You gave me the first laugh of the week with Renoir Sucks and the protesters!!ha ha I love your paintings - all of them - but I know you know what you are doing, it's just all subconscious; but you know composition and what draws a viewer into a painting even if you cannot articulate it (or don't want to do so). Now I must go back and look at Renoir and Monet and see if I agree or disagree. I do agree with Mary Cassat and Childe Hassam and had not heard of the one artist (who I will look up now). You always open my eyes to new things! Have a wonderful week, be safe, be productive, be happy.

Libby Fife said...

I like that tip on Garber so thank you. And I have been lucky enough to see some of Hassam's work here in Sacramento at the Crocker Museum. (The museum is a rare gem.) Now, you know that Monet and Renoir were my first introduction to art when I was a kid. I think many people start there and can easily reference "Impressionism" from that starting point. I am not sure I am ready to picket those two but I would picket against subjects such as lemons, cups and saucers, and avocados. Just saying.

As for the people that watch your demos repeatedly, I'd hazard a guess that they get something new each time. It's good stuff.

The tree is glorious! And I am glad that you continue to be astonished at the colors of Fall. Let's hope we all remain excited about everyday wonders.

Thanks for the post!

Mitch said...

Thanks for the lead to Daniel Garber. He's fantastic, and totally unknown to me before now. I want to spend some time studying his paintings.
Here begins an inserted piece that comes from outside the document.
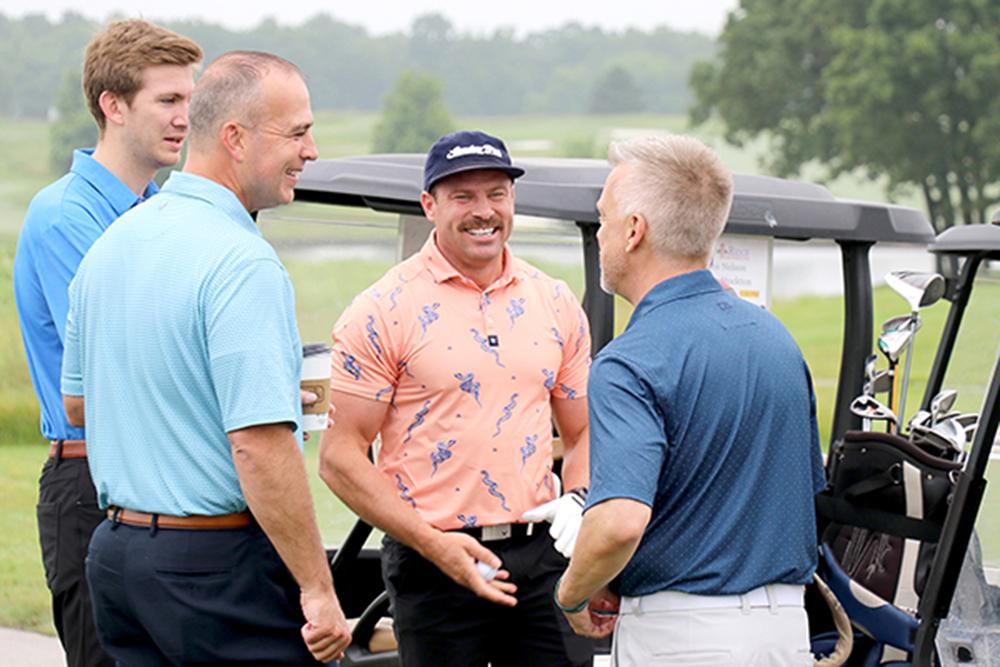 four people on a golf course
As for people who never tire of watching you demo, I think you underestimate how much people are fascinated by magic. And watching you hover over your canvas with a brush, reaching for beautiful color, pushing it around, mopping it back off, and then somehow ending up with a beautiful painting at the end of an hour or two, well I can't tire of that. Your visual memory is astonishing, and your ability to invoke feeling even years after you have seen something that inspired you is just spooky.